There will always be a probability of mammoth ivory cracking. This material has been buried without becoming fossilized for a good 10,000 years.  The only way I have found to keep it from cracking is as follows.  

1. Dry it in a kiln for several days.
2. Fill it with resin under high pressure (>50 psi)
3. Allow the resin to fully cure before using.  This may take several days.

Good luck.


----------



## jskeen (Apr 5, 2010)

Most antique knives and guns that have ivory handles either already cracked, or more often, actually absorbed enough hand oil and or other stuff over the years to stabilize them.  I know several collectors who keep their newer vintage Randall Knives with the ivory handles wrapped in cotton cloth soaked in cottonseed oil. That was Bo's advise lo these many years ago.


----------



## ersRFP (Apr 7, 2010)

PEG 1000 might do the trick. Just a thought.


----------



## Rifleman1776 (Apr 8, 2010)

jskeen said:


> Most antique knives and guns that have ivory handles either already cracked, or more often, actually absorbed enough hand oil and or other stuff over the years to stabilize them.  I know several collectors who keep their newer vintage Randall Knives with the ivory handles wrapped in cotton cloth soaked in cottonseed oil. That was Bo's advise lo these many years ago.

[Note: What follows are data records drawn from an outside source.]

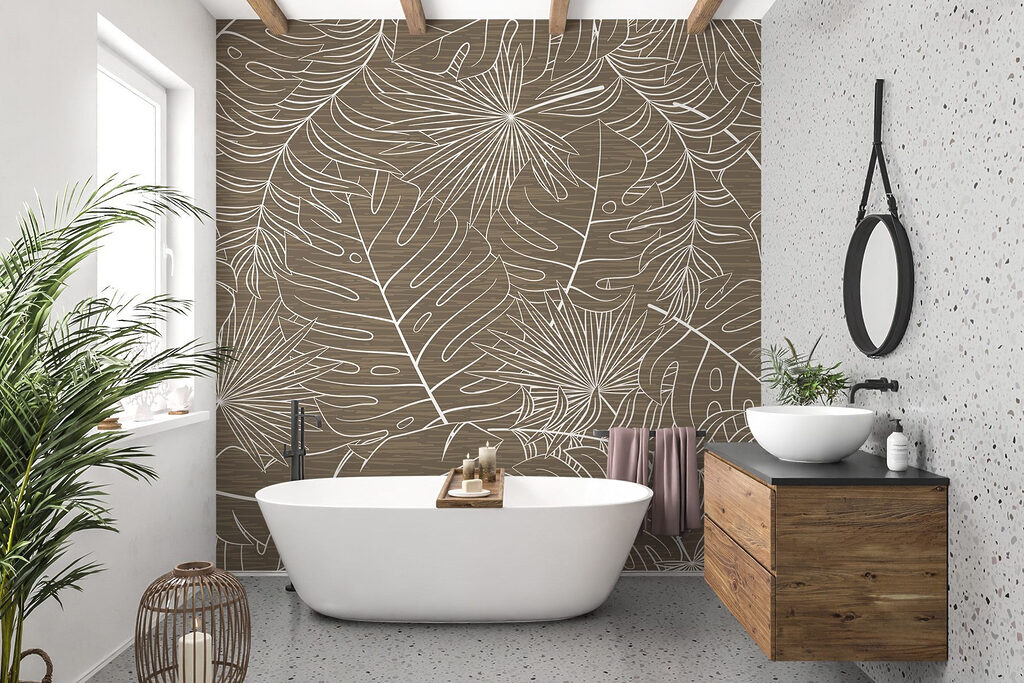 Brown and white floral pattern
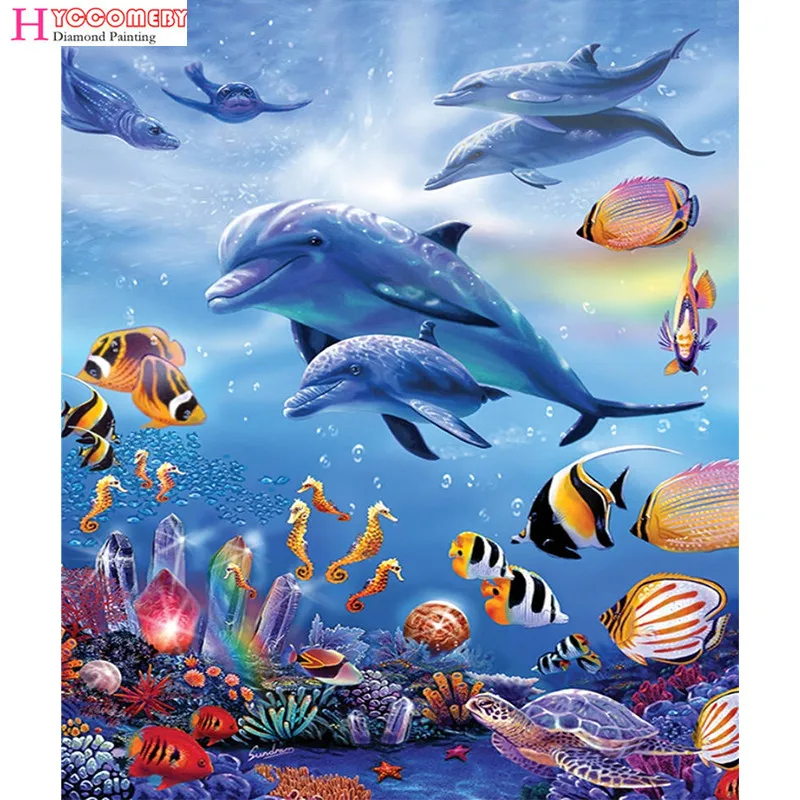 

5D Full Square animal Dolphin picture diamond painting cross stitch diamond embroidery painting diamond mosaic home decor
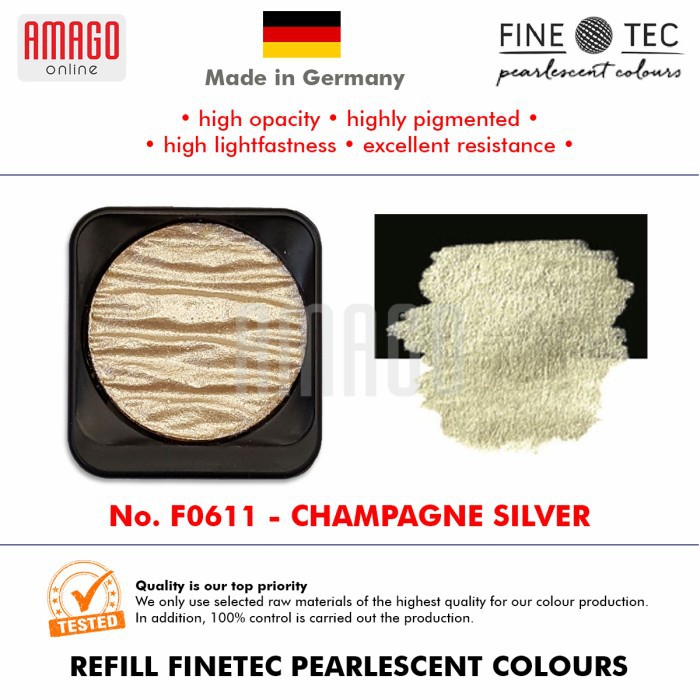 FINETEC - Pearlescent Watercolour - F0611 Champagne Silver -Round 30mm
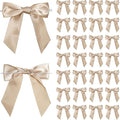Champagne Satin Ribbon Twist Tie Bows 5 Inch Pre-Tied Champagne Gold Gift Bows for Crafts, Treat Bags, Party Favors, Wedding, Baby Shower, Candy Apple, Christmas Tree (36 Pack)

A master knife builder advised me to put all bone/antler/ivory/etc. knives in mineral oil and let soak for up to a month.


----------



## Mickey (Apr 8, 2010)

You just have to come to understand that this is the nature of the material. It's part of the aging process now that the aging process can actually occur. What you have to believe too is that it (cracks) adds character to the material. You think it's bad try walrus ivory. It'll crack before you can even get the pen finished and I think it really does add character. Without cracks it just looks like alt. ivory.


----------



## hewunch (Apr 8, 2010)

Thanks for the comments everyone. You have given me things to think about and try. That is why I love this place!


----------